Segment Start: DATASET CONTENT
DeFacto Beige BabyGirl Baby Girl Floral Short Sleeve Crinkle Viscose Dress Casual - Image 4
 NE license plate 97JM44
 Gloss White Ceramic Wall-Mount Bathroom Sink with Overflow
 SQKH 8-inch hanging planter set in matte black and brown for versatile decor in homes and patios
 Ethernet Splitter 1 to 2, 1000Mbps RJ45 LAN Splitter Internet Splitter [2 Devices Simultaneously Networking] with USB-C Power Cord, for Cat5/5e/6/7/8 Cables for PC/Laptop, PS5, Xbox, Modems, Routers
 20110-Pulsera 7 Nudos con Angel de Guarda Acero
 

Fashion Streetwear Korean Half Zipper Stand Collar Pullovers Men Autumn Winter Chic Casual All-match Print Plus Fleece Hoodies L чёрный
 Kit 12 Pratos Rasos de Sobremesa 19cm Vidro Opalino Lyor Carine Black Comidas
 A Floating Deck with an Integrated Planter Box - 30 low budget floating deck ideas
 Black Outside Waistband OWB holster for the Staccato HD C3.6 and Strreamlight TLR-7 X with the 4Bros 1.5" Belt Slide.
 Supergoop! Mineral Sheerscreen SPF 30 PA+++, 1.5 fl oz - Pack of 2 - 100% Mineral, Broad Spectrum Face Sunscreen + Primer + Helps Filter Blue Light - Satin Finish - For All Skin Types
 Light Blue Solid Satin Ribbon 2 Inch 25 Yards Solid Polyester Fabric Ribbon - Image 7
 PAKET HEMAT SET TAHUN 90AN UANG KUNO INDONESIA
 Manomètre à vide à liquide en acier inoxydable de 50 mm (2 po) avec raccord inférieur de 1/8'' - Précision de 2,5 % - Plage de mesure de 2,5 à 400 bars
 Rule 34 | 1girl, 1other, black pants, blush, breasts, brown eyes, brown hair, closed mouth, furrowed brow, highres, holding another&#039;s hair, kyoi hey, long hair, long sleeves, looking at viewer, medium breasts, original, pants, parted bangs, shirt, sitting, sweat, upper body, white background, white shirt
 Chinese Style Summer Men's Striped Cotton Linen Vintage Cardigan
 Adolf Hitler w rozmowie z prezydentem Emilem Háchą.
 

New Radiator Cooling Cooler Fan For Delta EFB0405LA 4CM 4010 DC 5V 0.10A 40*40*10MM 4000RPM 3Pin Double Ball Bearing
Segment End: DATASET CONTENT
*BRIEF:*
Beginning at the line that holds "Manomètre à vide", reproduce the lines exactly up to and including the final line of the entries.

*YOUR RESPONSE:*
 Manomètre à vide à liquide en acier inoxydable de 50 mm (2 po) avec raccord inférieur de 1/8'' - Précision de 2,5 % - Plage de mesure de 2,5 à 400 bars
 Rule 34 | 1girl, 1other, black pants, blush, breasts, brown eyes, brown hair, closed mouth, furrowed brow, highres, holding another&#039;s hair, kyoi hey, long hair, long sleeves, looking at viewer, medium breasts, original, pants, parted bangs, shirt, sitting, sweat, upper body, white background, white shirt
 Chinese Style Summer Men's Striped Cotton Linen Vintage Cardigan
 Adolf Hitler w rozmowie z prezydentem Emilem Háchą.
 

New Radiator Cooling Cooler Fan For Delta EFB0405LA 4CM 4010 DC 5V 0.10A 40*40*10MM 4000RPM 3Pin Double Ball Bearing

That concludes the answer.